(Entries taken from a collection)

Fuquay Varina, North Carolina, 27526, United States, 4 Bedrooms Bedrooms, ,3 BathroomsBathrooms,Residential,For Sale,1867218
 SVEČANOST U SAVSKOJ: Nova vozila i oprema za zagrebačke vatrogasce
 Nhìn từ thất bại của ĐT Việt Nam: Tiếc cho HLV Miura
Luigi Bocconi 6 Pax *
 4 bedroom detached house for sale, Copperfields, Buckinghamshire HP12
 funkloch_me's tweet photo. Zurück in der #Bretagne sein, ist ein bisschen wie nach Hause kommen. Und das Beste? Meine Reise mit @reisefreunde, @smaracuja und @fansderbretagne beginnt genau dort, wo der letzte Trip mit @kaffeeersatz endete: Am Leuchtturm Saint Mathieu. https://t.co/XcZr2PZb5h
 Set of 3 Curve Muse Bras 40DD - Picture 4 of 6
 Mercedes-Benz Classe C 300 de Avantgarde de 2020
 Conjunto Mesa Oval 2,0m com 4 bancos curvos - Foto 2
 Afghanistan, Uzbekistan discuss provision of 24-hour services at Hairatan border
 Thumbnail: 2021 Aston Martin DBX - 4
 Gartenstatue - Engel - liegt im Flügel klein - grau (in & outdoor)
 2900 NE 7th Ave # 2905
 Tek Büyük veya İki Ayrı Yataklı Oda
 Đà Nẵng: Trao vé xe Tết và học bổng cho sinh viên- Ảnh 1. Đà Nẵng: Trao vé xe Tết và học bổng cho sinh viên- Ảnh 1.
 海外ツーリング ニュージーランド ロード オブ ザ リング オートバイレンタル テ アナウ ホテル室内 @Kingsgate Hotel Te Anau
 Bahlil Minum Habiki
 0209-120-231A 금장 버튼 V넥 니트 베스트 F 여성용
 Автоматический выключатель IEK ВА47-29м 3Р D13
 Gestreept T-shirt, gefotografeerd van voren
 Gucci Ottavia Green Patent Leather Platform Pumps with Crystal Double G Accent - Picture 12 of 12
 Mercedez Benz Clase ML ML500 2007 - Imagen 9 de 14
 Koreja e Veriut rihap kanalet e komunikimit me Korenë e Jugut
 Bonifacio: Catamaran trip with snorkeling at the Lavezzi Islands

• **TASK INSTRUCTIONS**
Filter by the word "Benz": copy every line of the data that holds it.

• **ANSWER SPACE**
 Mercedes-Benz Classe C 300 de Avantgarde de 2020
 Mercedez Benz Clase ML ML500 2007 - Imagen 9 de 14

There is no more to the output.